Re: [Moosefs-users] MFS Access very slow during chunk deletions

SourceForge Headquarters 225 Broadway Suite 1600 San Diego, CA 92101 +1 (858) 422-6466

On 6/28/2011 4:14 AM, Ólafur Ósvaldsson wrote:
> When reading the man page for mfsmaster.cfg I see the comments for 
> CHUNKS_LOOP_TIME and CHUNKS_DEL_LIMIT and my understanding is that 
> with the default values the maximum number of chunks to delete in one 
> loop (300 sek) is 100, it does not say if that is pr. chunkserver or 
> for the whole system, but each server here was around and over 5000 
> chunk deletions pr. minute and with 10 servers thats over 50k chunk 
> deletions pr. minute for the whole system.
>
>        CHUNKS_LOOP_TIME
>               Chunks loop frequency in seconds (default is 300)
>
>        CHUNKS_DEL_LIMIT
>               Maximum number of chunks to delete in one loop (default 
> is 100)
>

We just got hit by this.

We had a small 7 million file cluster that had chunkservers with only 
1GB or RAM, all of sudden start doing 10K+ deletions a minute. That 
bogged down the entire cluster making it unusuable and even sent two 
chunkservers into swap.

We were able to get the chunkservers shutdown and restarted the 
MFSMaster with the CHUNKS_DEL_LIMIT set to 50,  after a settling down 
time, the deletion started again but this time at half the rate (around 
5K deletions a minute), which was still excessive given what we have.
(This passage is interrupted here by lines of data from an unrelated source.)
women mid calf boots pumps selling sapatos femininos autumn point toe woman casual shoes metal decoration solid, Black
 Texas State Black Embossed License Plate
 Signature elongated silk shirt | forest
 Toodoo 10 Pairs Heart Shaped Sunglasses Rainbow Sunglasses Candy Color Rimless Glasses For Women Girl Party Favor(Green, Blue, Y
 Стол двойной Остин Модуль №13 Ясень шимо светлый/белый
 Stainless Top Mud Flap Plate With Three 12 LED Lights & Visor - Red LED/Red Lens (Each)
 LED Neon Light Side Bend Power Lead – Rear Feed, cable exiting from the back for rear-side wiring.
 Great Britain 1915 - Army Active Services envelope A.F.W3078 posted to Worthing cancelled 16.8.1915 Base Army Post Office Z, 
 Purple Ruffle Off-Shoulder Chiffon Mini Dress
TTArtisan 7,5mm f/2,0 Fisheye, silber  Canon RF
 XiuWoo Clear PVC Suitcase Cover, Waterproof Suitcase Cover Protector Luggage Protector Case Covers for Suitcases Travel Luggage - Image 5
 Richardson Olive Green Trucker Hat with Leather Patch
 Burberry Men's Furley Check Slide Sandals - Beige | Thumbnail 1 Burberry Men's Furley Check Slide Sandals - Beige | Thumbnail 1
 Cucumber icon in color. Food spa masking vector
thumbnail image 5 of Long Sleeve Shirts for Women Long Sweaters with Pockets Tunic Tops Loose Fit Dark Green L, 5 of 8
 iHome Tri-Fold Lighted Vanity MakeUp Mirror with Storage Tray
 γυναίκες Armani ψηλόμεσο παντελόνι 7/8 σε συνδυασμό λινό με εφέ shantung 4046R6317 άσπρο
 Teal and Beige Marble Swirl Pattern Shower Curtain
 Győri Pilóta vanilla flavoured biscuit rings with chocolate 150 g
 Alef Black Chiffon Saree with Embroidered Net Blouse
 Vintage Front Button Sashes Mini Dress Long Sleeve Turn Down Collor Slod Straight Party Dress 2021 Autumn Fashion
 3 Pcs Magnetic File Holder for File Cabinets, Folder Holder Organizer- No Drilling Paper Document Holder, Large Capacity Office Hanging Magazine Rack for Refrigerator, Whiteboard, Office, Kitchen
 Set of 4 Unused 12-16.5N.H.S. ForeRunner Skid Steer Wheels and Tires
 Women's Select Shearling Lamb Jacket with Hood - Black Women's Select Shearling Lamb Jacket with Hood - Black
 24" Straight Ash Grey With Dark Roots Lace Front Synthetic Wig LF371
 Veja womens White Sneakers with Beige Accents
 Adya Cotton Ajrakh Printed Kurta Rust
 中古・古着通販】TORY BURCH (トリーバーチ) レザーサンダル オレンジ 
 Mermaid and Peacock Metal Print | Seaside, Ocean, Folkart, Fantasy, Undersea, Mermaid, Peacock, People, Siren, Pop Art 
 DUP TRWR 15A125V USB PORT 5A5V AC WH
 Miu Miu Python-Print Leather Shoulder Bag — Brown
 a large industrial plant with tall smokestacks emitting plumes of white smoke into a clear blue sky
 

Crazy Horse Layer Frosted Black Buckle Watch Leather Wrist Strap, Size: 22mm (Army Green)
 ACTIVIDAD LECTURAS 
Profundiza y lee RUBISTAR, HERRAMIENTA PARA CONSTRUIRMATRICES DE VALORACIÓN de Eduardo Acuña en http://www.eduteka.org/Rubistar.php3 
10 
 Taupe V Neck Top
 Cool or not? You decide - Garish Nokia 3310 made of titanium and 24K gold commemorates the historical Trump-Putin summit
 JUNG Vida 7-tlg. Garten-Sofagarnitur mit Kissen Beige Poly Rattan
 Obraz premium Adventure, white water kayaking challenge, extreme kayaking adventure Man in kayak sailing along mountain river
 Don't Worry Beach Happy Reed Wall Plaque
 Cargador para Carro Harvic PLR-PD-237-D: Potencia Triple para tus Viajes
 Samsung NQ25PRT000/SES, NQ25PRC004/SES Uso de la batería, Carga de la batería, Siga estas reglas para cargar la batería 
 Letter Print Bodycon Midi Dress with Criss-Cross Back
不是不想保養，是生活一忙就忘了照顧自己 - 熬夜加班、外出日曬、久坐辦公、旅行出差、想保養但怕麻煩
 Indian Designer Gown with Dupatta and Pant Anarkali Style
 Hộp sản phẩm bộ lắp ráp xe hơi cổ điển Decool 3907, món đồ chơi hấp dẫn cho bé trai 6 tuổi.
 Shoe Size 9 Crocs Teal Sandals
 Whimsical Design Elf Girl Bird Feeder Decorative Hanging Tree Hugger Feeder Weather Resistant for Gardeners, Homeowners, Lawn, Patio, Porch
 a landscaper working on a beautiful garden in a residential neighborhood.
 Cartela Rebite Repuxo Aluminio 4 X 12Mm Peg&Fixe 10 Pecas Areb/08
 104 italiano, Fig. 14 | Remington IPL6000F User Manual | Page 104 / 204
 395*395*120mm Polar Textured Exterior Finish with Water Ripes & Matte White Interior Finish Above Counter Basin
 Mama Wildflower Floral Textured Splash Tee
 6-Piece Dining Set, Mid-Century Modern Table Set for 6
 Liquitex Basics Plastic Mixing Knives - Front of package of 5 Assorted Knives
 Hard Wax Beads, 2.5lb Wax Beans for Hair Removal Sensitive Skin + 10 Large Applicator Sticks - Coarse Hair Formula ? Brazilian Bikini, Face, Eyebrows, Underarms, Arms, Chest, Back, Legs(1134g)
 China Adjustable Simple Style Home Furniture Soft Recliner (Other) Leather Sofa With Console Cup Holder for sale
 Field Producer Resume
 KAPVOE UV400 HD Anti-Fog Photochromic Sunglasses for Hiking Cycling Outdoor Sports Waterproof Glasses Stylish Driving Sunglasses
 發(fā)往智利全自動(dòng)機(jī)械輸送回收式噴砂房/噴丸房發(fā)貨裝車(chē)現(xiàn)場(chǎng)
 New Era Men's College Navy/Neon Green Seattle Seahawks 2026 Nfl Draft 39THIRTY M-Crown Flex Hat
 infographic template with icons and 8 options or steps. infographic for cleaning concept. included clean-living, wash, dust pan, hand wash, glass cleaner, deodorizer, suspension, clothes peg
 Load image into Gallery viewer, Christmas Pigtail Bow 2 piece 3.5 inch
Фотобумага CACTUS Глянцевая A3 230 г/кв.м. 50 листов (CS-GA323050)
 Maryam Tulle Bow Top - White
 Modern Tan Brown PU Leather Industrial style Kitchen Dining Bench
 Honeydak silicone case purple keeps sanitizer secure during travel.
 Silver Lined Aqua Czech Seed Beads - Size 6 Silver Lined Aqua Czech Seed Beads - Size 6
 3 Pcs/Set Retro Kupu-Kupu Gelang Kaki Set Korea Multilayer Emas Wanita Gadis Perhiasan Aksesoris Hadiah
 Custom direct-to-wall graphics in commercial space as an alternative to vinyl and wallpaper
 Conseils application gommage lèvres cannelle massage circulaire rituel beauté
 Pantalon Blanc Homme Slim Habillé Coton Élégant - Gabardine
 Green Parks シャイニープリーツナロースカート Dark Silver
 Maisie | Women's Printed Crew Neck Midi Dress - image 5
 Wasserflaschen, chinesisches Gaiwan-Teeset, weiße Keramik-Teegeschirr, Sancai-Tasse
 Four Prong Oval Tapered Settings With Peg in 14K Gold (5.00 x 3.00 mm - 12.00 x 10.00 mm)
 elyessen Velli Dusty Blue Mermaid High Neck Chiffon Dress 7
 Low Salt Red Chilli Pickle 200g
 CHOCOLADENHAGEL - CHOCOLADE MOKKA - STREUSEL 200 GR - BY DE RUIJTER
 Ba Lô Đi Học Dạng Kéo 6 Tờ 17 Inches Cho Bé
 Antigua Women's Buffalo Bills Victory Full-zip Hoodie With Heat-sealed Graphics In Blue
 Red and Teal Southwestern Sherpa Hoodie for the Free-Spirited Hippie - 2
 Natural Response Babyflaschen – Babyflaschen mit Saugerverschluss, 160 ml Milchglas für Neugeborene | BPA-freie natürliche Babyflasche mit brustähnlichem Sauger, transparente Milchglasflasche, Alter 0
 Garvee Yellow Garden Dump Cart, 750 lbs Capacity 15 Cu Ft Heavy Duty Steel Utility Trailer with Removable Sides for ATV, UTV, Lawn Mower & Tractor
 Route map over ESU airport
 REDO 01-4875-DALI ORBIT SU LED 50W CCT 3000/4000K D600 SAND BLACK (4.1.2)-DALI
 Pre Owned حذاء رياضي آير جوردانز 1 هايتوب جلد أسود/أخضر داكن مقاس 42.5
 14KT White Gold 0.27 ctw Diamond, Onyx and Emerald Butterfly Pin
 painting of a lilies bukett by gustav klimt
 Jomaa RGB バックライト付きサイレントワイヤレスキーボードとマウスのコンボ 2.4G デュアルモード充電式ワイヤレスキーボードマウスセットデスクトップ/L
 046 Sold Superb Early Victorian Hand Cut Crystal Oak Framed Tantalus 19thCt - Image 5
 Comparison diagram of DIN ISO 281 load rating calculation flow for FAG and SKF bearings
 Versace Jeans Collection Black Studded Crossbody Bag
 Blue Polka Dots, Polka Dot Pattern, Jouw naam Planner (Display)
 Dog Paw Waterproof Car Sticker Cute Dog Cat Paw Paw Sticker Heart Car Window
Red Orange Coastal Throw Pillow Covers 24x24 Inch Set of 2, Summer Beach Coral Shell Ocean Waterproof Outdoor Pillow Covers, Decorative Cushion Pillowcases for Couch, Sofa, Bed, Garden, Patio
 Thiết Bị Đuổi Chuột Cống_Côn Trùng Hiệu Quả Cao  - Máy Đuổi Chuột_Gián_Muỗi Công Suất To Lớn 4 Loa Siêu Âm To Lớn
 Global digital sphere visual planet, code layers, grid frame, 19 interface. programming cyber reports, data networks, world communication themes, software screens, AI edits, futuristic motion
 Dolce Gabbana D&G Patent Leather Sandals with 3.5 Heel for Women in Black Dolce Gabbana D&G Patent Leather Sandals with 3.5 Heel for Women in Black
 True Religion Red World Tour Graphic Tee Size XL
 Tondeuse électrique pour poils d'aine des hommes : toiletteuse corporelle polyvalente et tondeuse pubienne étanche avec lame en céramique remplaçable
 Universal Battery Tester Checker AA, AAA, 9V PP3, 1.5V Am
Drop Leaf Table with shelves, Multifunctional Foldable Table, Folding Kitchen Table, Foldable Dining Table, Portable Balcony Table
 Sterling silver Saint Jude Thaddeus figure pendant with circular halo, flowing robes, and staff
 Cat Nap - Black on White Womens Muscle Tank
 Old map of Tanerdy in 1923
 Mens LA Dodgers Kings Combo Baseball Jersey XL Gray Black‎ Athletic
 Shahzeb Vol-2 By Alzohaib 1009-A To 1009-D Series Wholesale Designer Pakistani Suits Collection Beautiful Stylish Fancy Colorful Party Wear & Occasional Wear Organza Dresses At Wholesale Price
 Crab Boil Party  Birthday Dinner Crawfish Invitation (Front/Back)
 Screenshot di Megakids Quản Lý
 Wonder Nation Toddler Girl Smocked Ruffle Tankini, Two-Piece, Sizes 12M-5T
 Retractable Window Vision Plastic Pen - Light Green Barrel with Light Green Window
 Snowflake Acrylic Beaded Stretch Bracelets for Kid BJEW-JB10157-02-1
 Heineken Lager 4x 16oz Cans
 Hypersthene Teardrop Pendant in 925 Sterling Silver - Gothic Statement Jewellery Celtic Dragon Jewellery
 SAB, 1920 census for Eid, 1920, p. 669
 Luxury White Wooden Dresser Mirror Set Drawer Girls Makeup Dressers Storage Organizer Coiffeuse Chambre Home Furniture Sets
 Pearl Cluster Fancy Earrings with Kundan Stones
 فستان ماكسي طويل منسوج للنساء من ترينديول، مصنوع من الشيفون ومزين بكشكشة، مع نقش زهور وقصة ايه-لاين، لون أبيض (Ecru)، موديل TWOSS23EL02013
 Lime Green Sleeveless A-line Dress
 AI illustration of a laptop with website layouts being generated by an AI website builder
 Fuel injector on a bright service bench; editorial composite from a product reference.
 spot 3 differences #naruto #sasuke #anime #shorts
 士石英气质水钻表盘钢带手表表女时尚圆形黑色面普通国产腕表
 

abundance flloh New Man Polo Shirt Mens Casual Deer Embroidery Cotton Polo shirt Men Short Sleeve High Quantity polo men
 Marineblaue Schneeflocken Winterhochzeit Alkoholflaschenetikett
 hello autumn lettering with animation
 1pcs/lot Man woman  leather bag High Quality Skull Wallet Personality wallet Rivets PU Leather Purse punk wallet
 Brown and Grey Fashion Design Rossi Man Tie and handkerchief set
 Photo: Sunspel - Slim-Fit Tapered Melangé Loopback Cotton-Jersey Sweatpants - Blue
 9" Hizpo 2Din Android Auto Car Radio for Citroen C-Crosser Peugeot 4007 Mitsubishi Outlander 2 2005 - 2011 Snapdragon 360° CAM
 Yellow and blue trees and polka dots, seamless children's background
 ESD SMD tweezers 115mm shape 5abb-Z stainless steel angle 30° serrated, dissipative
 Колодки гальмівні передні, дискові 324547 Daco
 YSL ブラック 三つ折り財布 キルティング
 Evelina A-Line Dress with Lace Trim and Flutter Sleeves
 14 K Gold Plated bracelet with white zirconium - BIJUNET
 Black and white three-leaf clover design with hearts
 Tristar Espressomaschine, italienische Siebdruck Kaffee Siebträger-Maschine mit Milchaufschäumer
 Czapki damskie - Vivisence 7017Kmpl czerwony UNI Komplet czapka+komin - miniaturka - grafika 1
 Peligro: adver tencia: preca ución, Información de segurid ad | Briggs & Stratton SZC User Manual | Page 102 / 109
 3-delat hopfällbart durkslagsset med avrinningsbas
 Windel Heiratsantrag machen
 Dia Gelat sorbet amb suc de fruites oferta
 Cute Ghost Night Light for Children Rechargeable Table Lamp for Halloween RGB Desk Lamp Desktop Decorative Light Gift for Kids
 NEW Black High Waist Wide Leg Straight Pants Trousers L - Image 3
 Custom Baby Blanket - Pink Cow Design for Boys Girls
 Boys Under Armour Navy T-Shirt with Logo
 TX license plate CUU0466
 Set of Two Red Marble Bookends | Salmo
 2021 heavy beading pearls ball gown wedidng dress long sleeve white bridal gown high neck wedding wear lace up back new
So I can verify that change CHUNKS_DEL_LIMIT does have an affect (if you 
resetart the master), but that default is way to high, unless you are 
careful.  In our case, we weren't paying attention and didn't realize 
the number of files was increasing past a reasonable point for those 
resources.

We have since set it to 20 and have increased the RAM in the chunkservers.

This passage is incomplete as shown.